Oh ! connaître ce secret ! Mais il était incapable de penser clairement. La rage qu’il éprouvait en voyant qu’ils lui avaient échappé le consumait et troublait son esprit.
Il se dirigea en courant vers la forêt ; à peine eut-il le temps de gagner l’obscurité des taillis où personne ne le voyait qu’il se mit à verser un torrent de larmes brûlantes, en hurlant : « Menteurs ! hypocrites ! coquins ! » insultes qu’il lui fallait cracher à tout prix pour ne pas étouffer. La mauvaise humeur, l’impatience, la colère et la haine de ces derniers jours, contenues par un effort d’enfant s’imaginant être devenu une grande personne, faisaient éclater sa poitrine et se traduisaient par des larmes. C’était la dernière crise de pleurs de son enfance, la plus sauvage ; pour la dernière fois il s’abandonnait, comme une femme, à la volupté des larmes. En cette heure de rage sans frein, il pleura tout ce qu’il y avait en lui de confiance, d’amour, de foi et de respect ; il pleura toute son enfance.
Lorsqu’il rentra à l’hôtel Edgar était un autre être. Il était calme et réfléchi. D’abord il alla dans sa chambre, se lava soigneusement le visage et les yeux, pour ne pas donner aux deux complices la joie de voir les traces de ses larmes. Puis il se prépara à prendre sa revanche. Et il attendit patiemment, sans aucune nervosité.

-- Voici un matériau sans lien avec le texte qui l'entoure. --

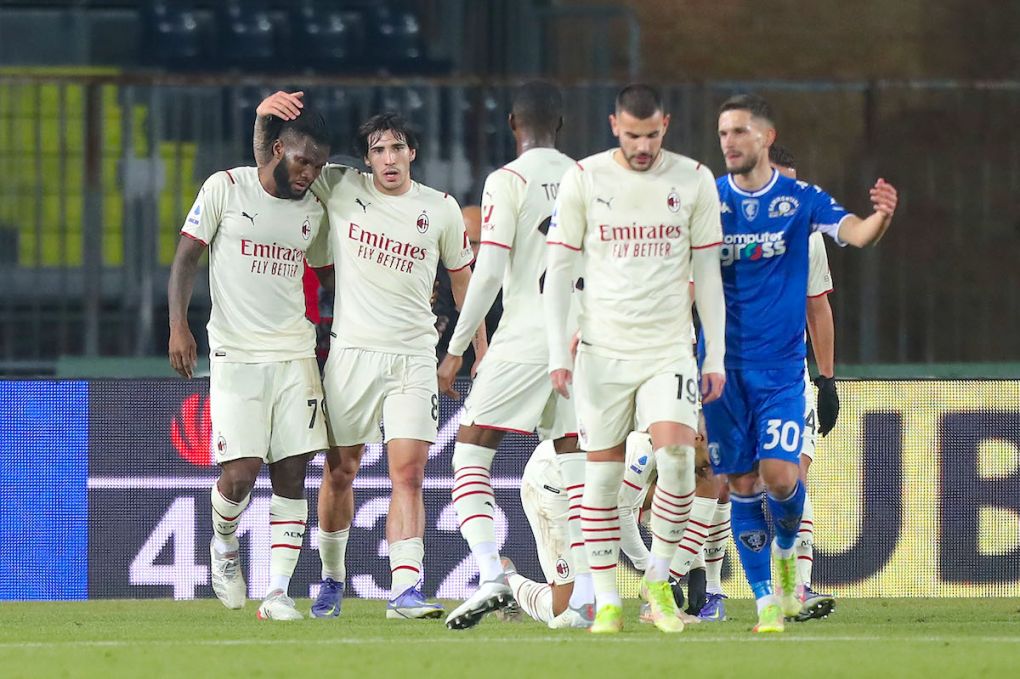 Franck Yannick Kessie of AC Milan celebrates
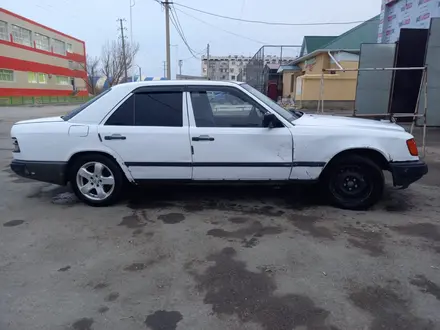 Mercedes-Benz E 230 1988 года за 1 000 000 тг. в Кызылорда – фото 5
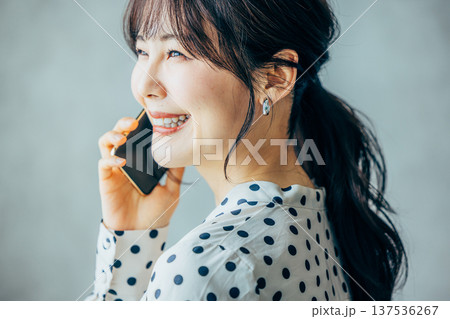 スマホを操作する若い女性 スマホを操作する若い女性 137536267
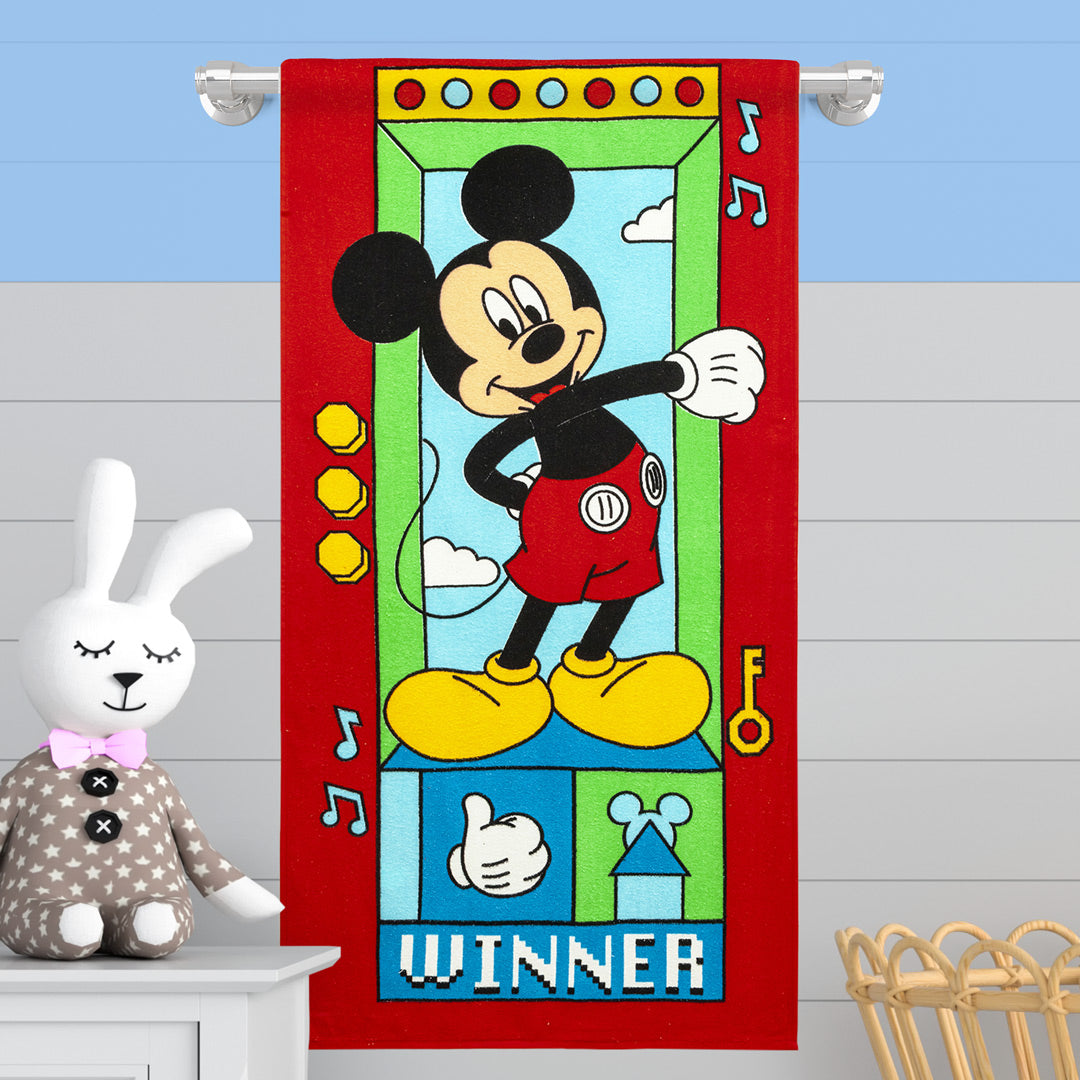 Toalla Infantil 320 Gramos Mickey Winner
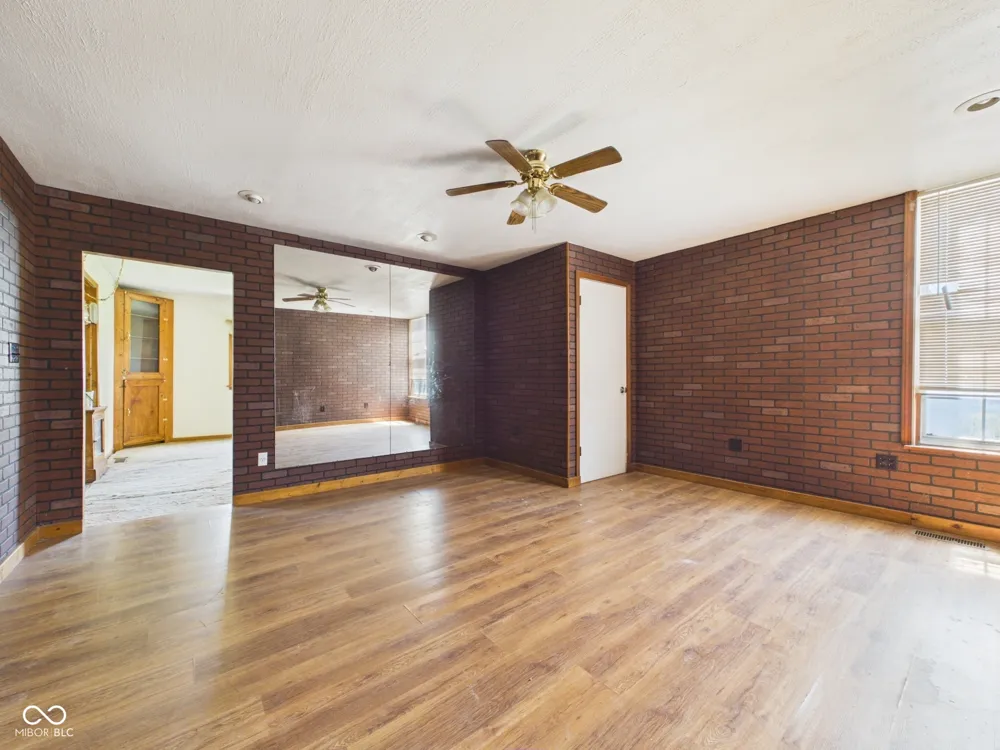 1303 S F STREET Elwood, IN 46036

Le hall était plein de monde quand revint la voiture des deux fuyards. Quelques messieurs jouaient aux échecs ; d’autres lisaient le journal, les dames bavardaient. L’enfant s’était assis parmi eux sans faire un mouvement ; il était un peu pâle et ses regards frémissaient. Lorsque sa mère et le baron eurent franchi la porte, un peu gênés de le voir si brusquement et au
moment où ils allaient balbutier l’excuse préparée, il se dressa devant eux, tranquillement, et dit d’un air de défi : « Monsieur, je voudrais vous dire quelque chose. » Le baron se sentit mal à l’aise. Il était là comme un délinquant pris en flagrant délit. « Oui, oui, tout à l’heure, dans un instant. »
Mais Edgar éleva la voix et dit d’un ton net et tranchant, pour que tout le monde pût l’entendre : « C’est maintenant que je veux vous parler. Vous vous êtes conduit indignement. Vous m’avez menti. Vous saviez que maman m’attendait, vous êtes... »

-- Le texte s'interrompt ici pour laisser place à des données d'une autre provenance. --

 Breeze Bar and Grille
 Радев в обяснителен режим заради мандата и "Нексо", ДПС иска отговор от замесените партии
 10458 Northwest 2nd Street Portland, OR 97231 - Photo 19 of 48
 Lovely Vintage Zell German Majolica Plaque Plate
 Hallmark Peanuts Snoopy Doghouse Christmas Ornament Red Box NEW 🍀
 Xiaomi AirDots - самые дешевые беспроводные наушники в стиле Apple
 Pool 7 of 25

— Edgar, s’écria la mère qui voyait tous les regards dirigés sur elle. Et elle se précipita sur l’enfant.
Mais lorsque celui-ci s’aperçut qu’elle voulait dominer le bruit de ses paroles, il se mit à crier soudain de sa voix la plus forte :
— Je vous le répète en public. Vous avez menti abominablement et c’est là une vilenie, une action misérable.

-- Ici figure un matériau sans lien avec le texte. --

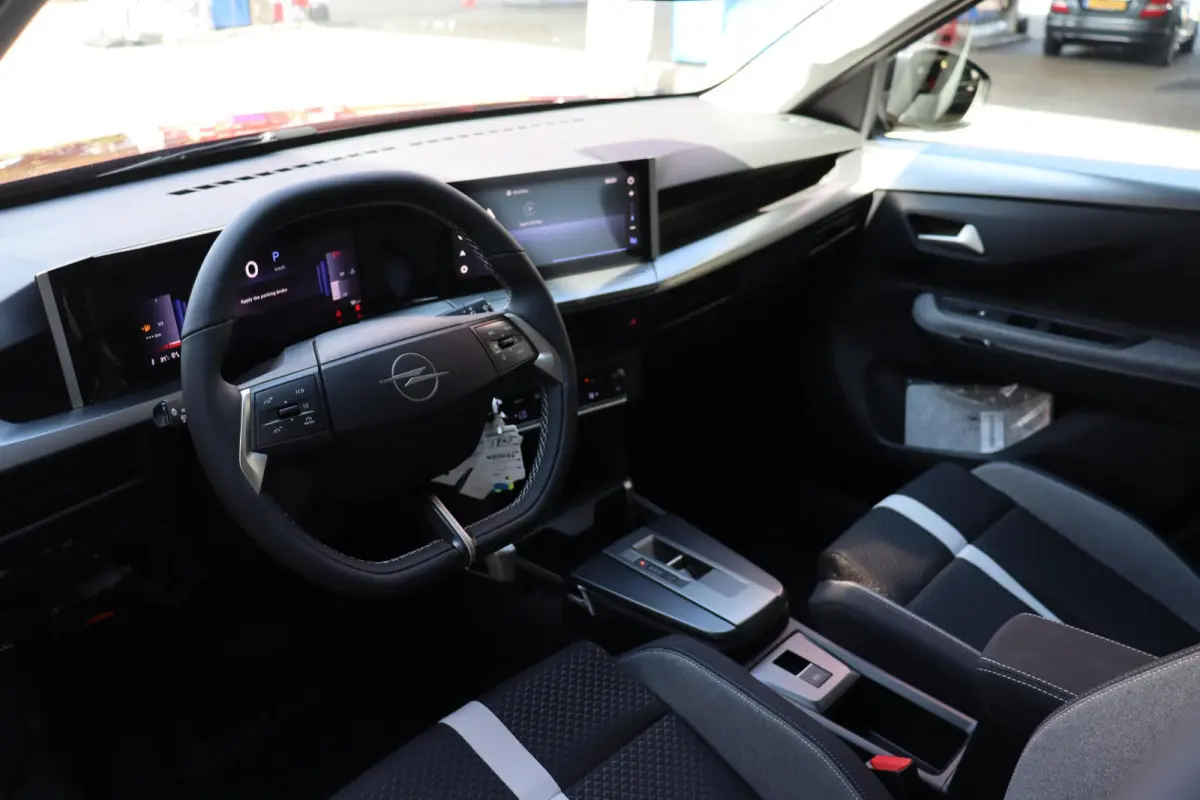 1.2 Turbo Hybrid GS Voorraad Voordeel / 2+6 Jaar Garantie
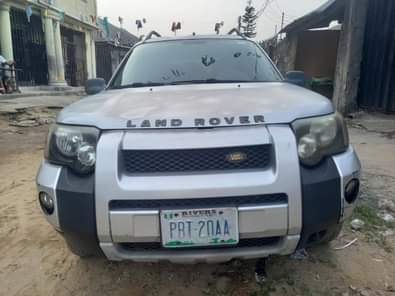 A picture of 2004 Land rover discovery Suv Pure first body 4wD Engine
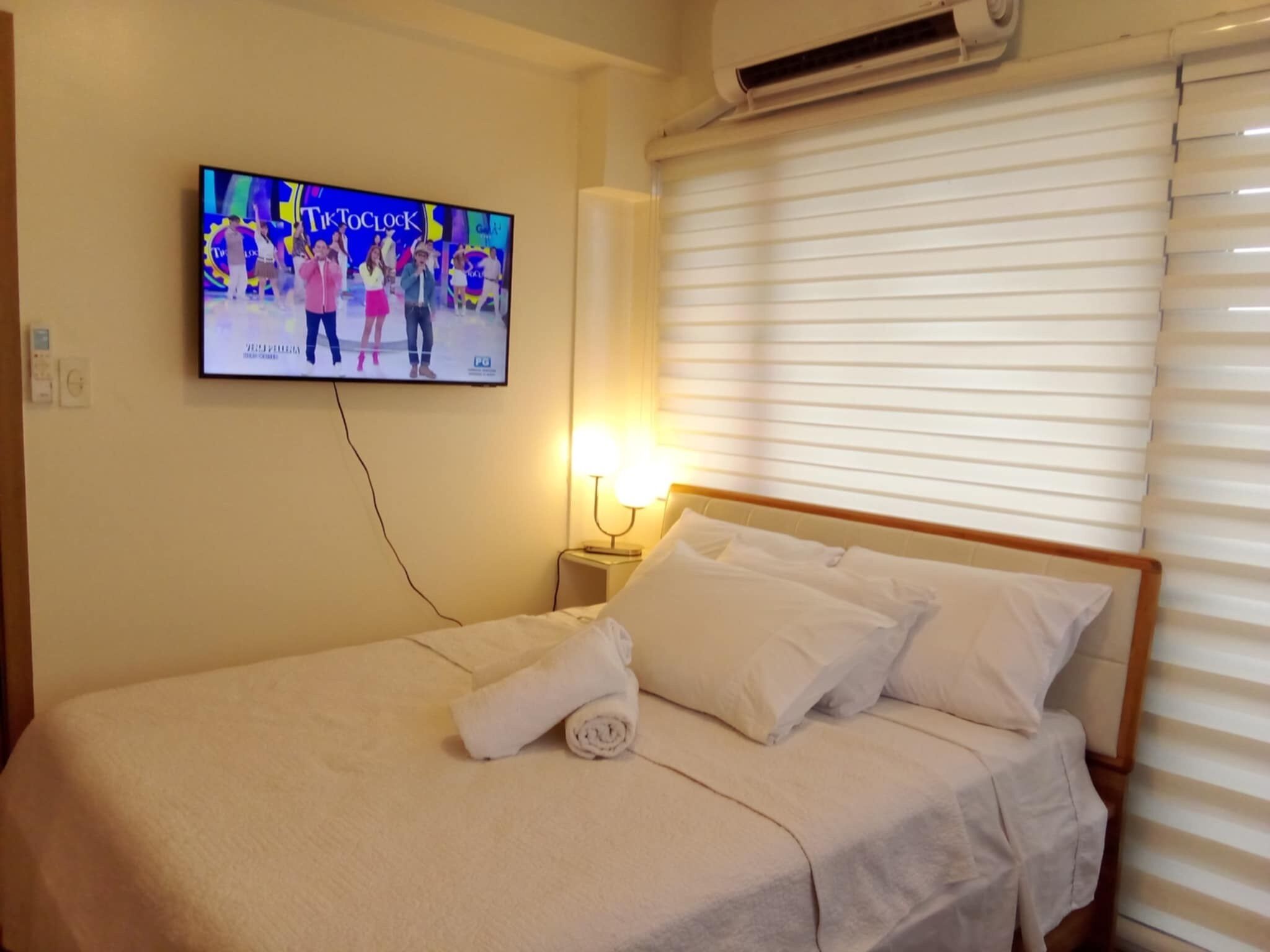 2 bedrooms, desk, soundproofing, iron/ironing board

Le baron était devenu pâle, les gens le regardaient fixement ; quelques personnes souriaient.
La mère empoigna l’enfant tremblant d’émotion : « Rentre tout de suite dans ta chambre, ou je te rosse ici devant tout le monde », fit-elle d’une voix étranglée.
Mais déjà Edgar avait retrouvé son calme. Il était fâché de s’être emporté pareillement. Il était mécontent de lui-même, car, en vérité, il voulait provoquer froidement le baron, mais sa fureur avait été plus forte que sa volonté. Sans hâte aucune, avec calme, il se dirigea vers l’escalier.
« Monsieur, excusez son impertinence. Vous le savez, c’est un enfant nerveux », balbutia encore sa mère, troublée par les regards un peu ironiques des gens qui l’entouraient et la dévisageaient. Rien au monde ne lui était plus désagréable que le scandale et elle savait qu’il
ne lui fallait pas perdre contenance. Au lieu de s’enfuir aussitôt, elle alla d’abord vers le portier, lui demanda s’il y avait des lettres et lui parla d’autres choses indifférentes, puis elle monta dans sa chambre comme si rien ne s’était passé. Mais derrière elle ondoyait un léger sillage de chuchotements et de rires étouffés.
En gravissant l’escalier, elle ralentit le pas. Elle avait toujours été embarrassée devant les situations graves, et, en vérité, elle avait peur d’une explication avec l’enfant. Elle ne pouvait pas nier sa culpabilité ; d’autre part, elle craignait le regard de son fils, ce regard nouveau, étrange, si singulier, qui lui enlevait toute assurance et la paralysait. La peur lui conseilla d’employer la douceur. Car, elle le savait, si elle luttait, cet enfant exaspéré serait le plus fort.
Elle ouvrit la porte tout doucement.